My main decisions coming out of this day were these:
- I will put more effort into making available for Norwegian teachers materials on history of mathematics (for use in the classroom) in Norwegian.
- I will look again at my own teaching to think of how history of mathematics could enhance it more than presently, and think of the different ways students could engage with the materials.

In addition to this, there has been wonderful weather, good food, a nice walk and lots of friendly people. I'm looking forward to the next three days. And I'm glad I've had my presentation, so I don't have to think of that any more...

Studying original sources in mathematics education

I have been terrible at posting in this blog, but I'll try to improve. I am currently at a mini-workshop at the Mathematisches Forschungsinstitut in Oberwolfach on the topic of "Studying original sources in mathematics education". The place is wonderful - the place is so green and beautiful, and there are all neccessary amenities to have a great, productive time.

On this first day of the mini-workshop, I have heard two great talks. The first one was by Abraham Arcavi. He told us about a teacher workshop he conducted with Masami Isoda, where teacher students were confronted with problems from the Rhind Papyrus, on multiplication and on solving an equation (as we will see it).

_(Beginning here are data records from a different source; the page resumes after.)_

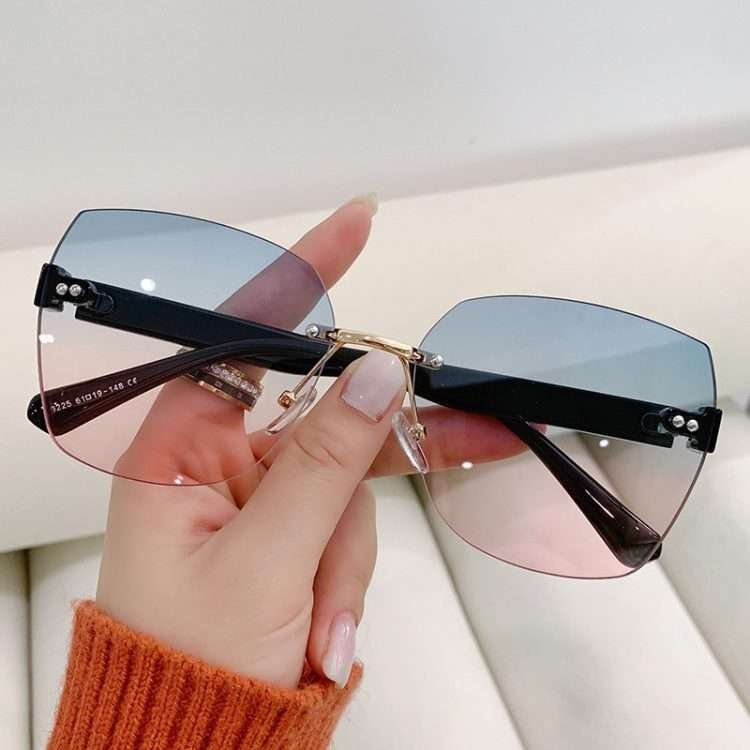 New rimless cut edge sunglasses for women glasses fashion retro UV protection senior sense sunglasses tide - Image 6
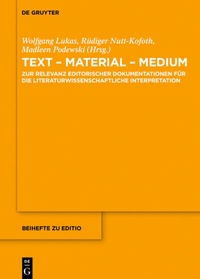 Enlarge image Cover: Text - Material - Medium - De Gruyter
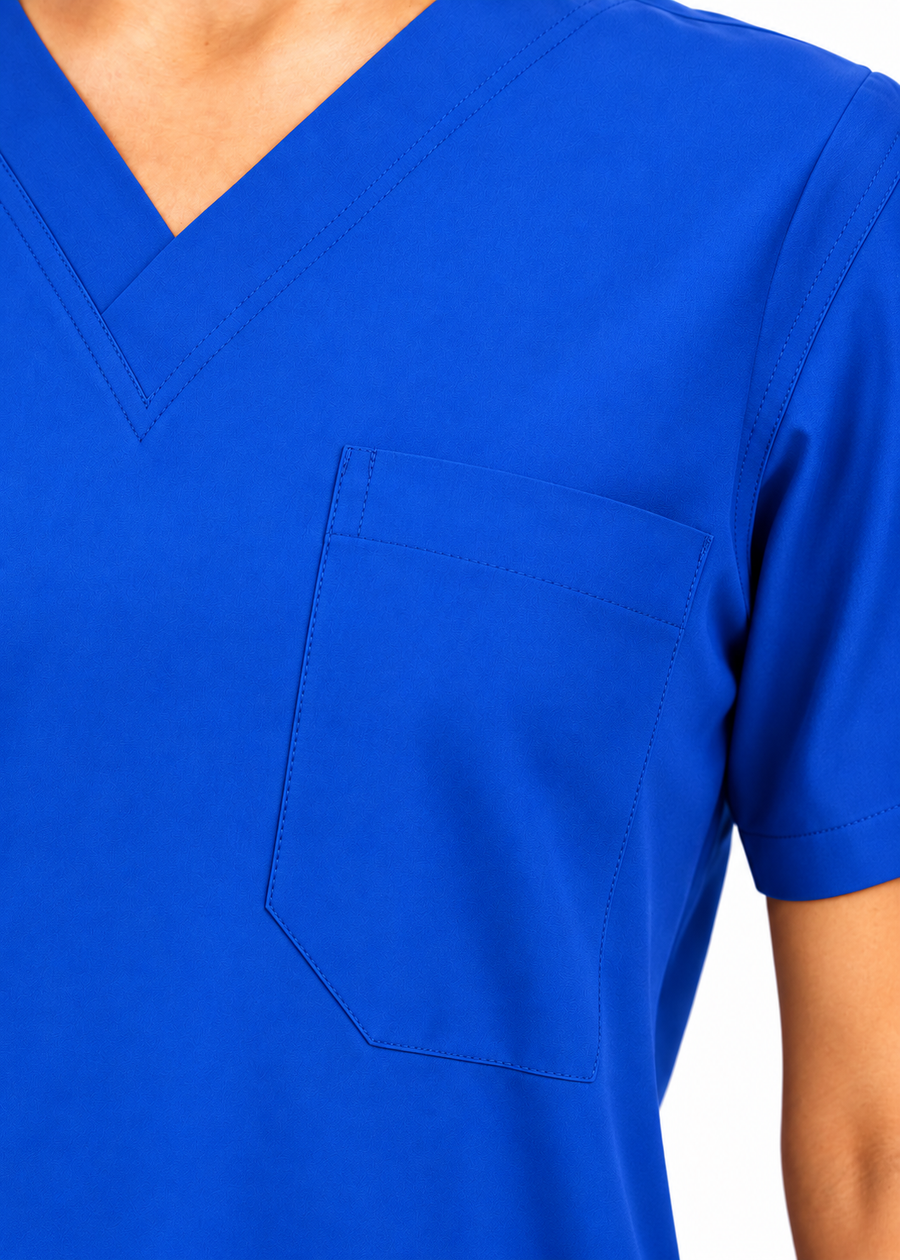 Cura Core Women's V- Neck Scrub - Light Royal Blue
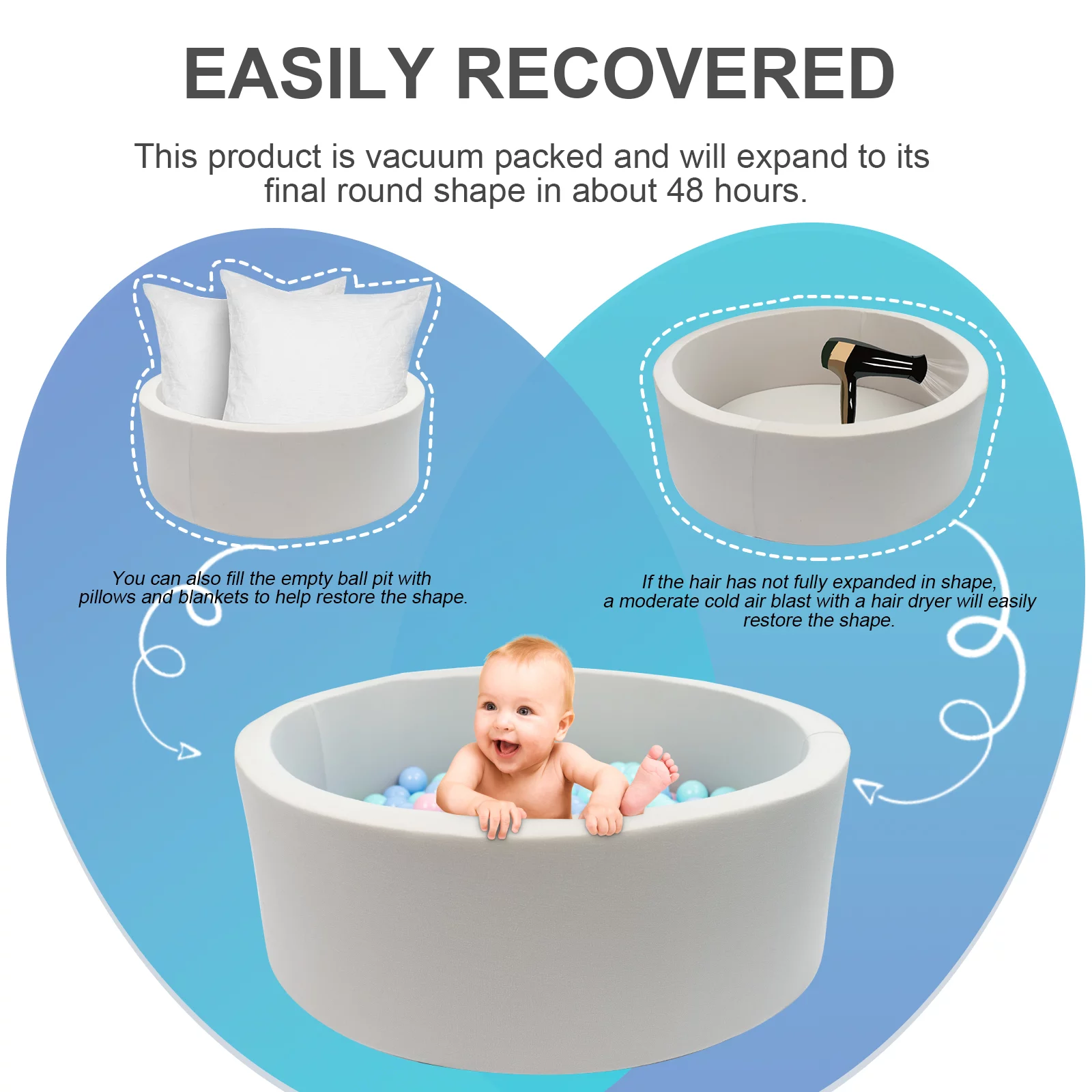 KORIMEFA Foam Ball Pit for Toddlers 1-3, Baby Playpen Ball Pool Soft Round Designed, Baby Ball Pit of Ideal Gift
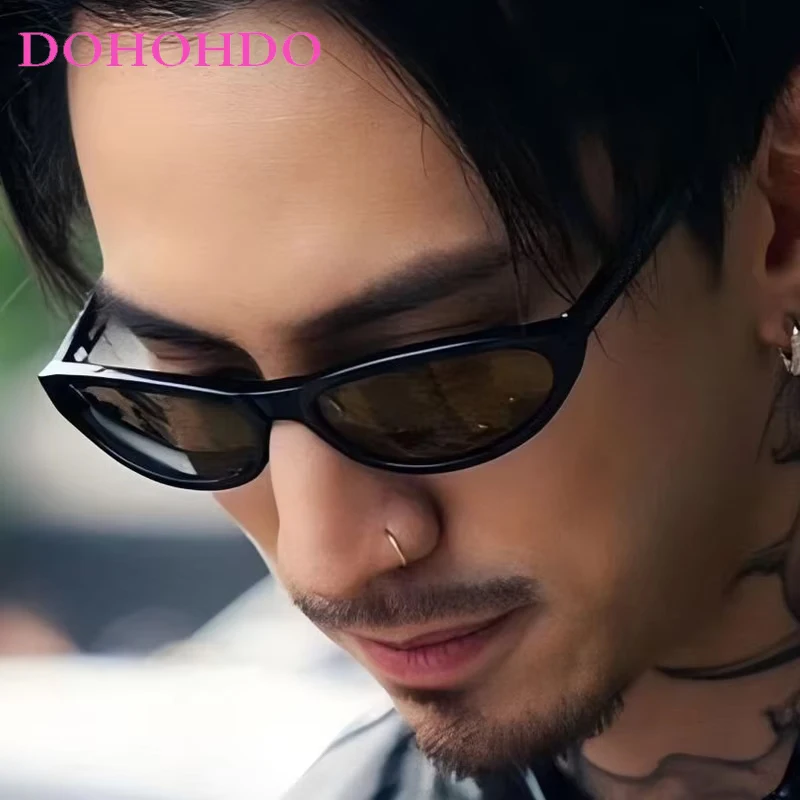 

Trendy Fashion Small Frame Oval Cat Eye Sunglasses Women Men Luxury Brand Designer Outdoor Street Photography Sunglasses UV400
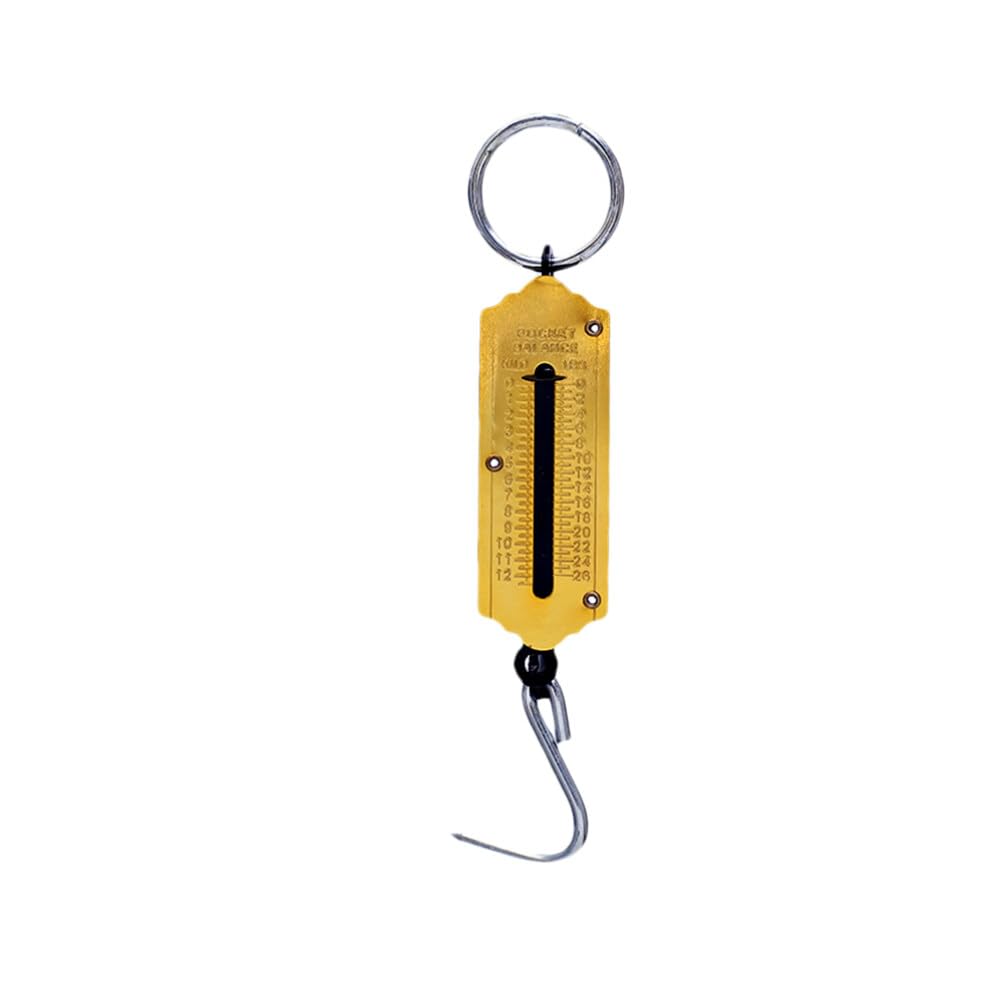 Spring Fish Scale, Portable Fishing Scale with Hook Large Handle Hanging Luggage Scale Handheld Aluminum Tube Weigher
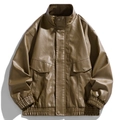 Veste de travail pour homme en similicuir rétro avec col montant et poches à rabat - M / Kaki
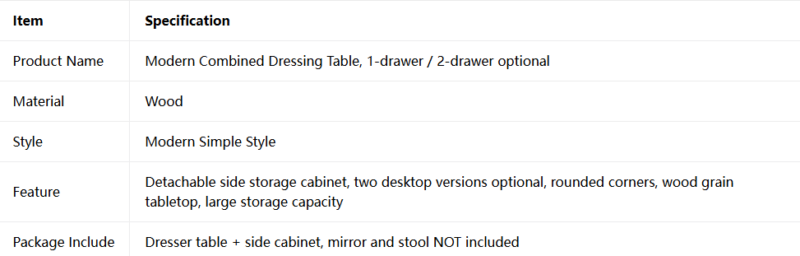 Modern Combined Vanity Table with Side Cabinet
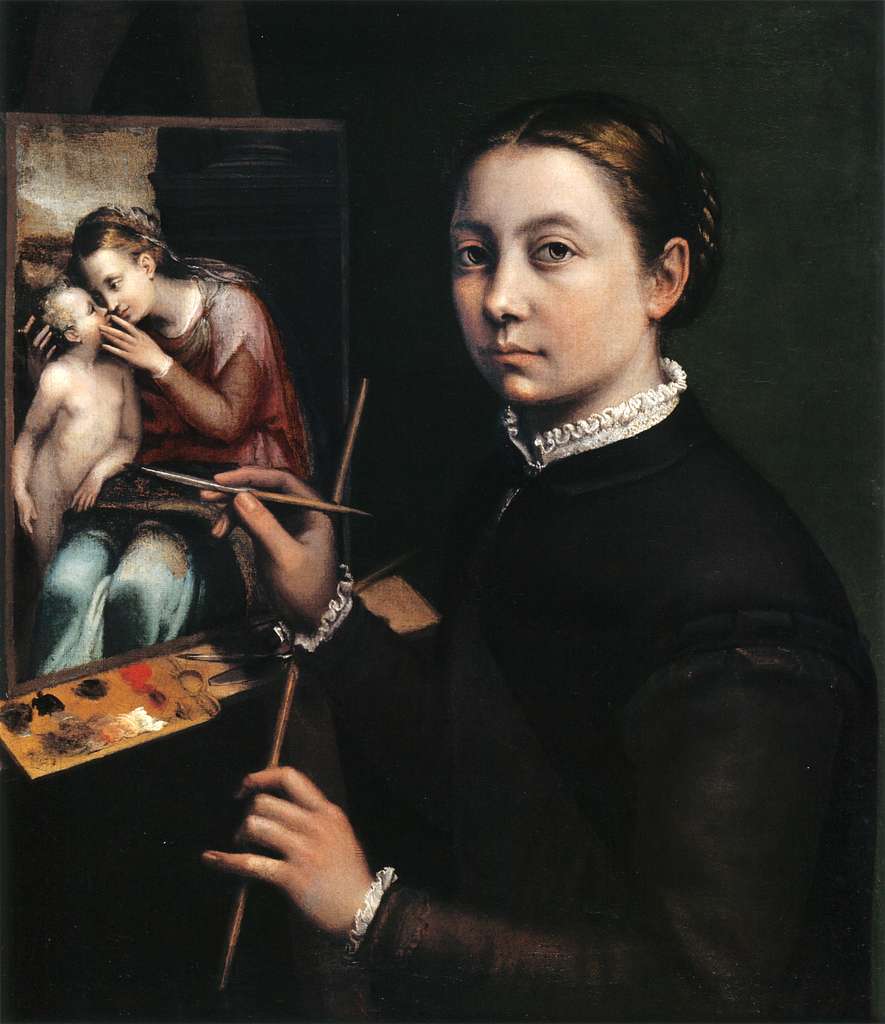 "Self-portrait at the Easel" by Sofonisba Anguissola - Paintings of Women That Inspired the Artists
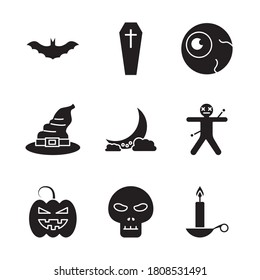 Halloween silhouette style icon set design, Holiday and scary theme Vector illustration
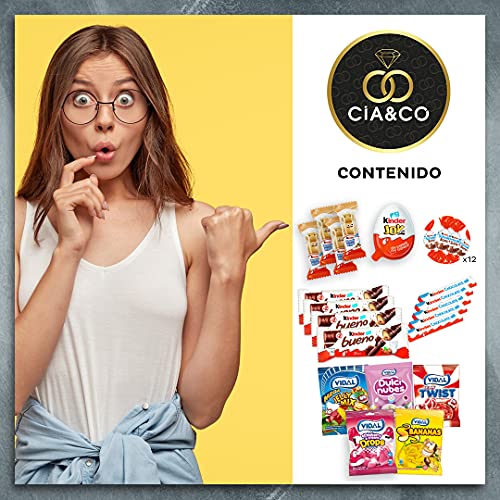 Lote para Regalo +25 Chocolates Kinder y 450 grs de Chuches sin Gluten. Contiene Chocobons, Kinder Chocolate, Kinder Bueno, Kinder Joy, Happy Hippo y Chuches. Opción de Tarjeta Dedicada Personalizada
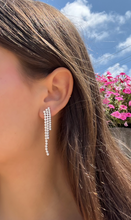 Load image into Gallery viewer, 14K White Gold Diamond Triple Tennis Drop Earrings
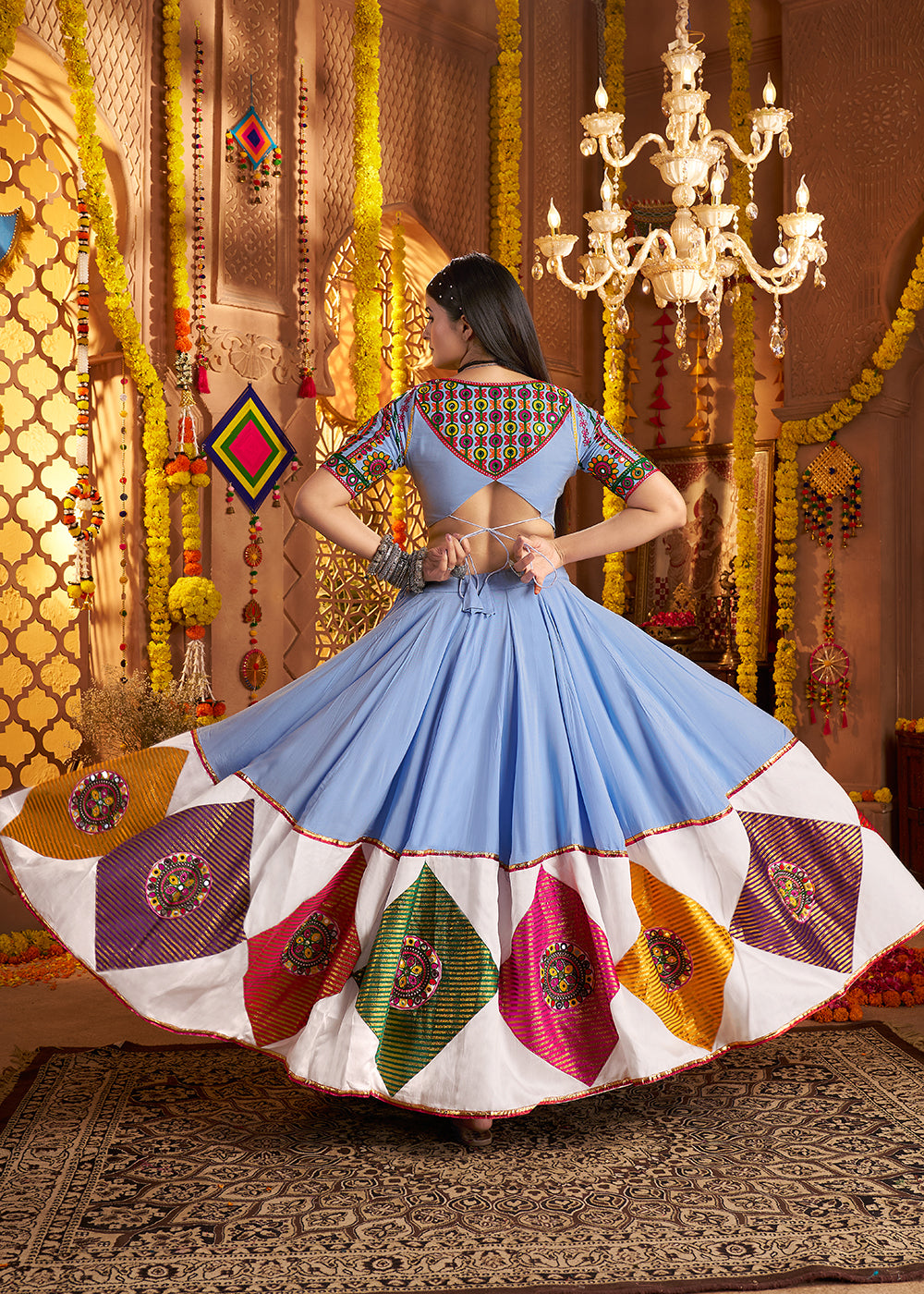 Buy Now Light Blue Jacquard Patch Work Navratri Chaniya Choli Online in US, UK, Canada, France, Germany, Italy, Singapore, UAE & Worldwide at Empress Clothing.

The starting point of the work was that whether you are learning history or you are learning to teach, you have to learn to interpret. And maybe it is easier to learn to interpret by working on historical sources than by working on student answers, as it is harder to dismiss a historical source as being "wrong".

Arcavi gave some details on this particular workshop, not least on how "scaffolding" was necessary to ensure that the teacher students managed to work through the text in a meaningful way. The point noted in the end of the talk, however, seems to be one of the most important - how can you "upscale" such an experiment? This particular workshop was conducted by two prominent researchers in the field of "history and pedagogy of mathematics" (HPM) - how can we make "ordinary" teachers do the same (or similar things)?

One small exercise: Ron is given the following exercise: "3/5 of a number is 12, what is the number?" Ron writes: "12*2 = 24 24:6 = 4 24-4 = 20" Is Ron correct? How would you as a teacher react to his answer?
(This should show the need of a teacher to listen attentively, not just "evaluative".

The other talk was by David Pengelley, who showed us how he works with Pascal's "Treatise on the Arithmetical Triangle" with his students. I did not know this text before (although I have referred to it many times), and it was interesting to look at it a bit closer. As mentioned in an earlier posting, I tend to use exercises on Pascal's triangle in my teaching, but surely I learned something new today - even though some of the more advanced stuff, such as Pascal's use of inductive proofs, is probably not suitable for our first course at my institution...

Obviously, people are speaking to the converts at such a workshop. As mentioned already, the important thing is to (to use Pengelley's words) "convince teachers that they want to do it". Developing materials seem to be the way to do that, and I'm sad to say that materials in Norwegian are few and far between. I should do something to remedy that at some point.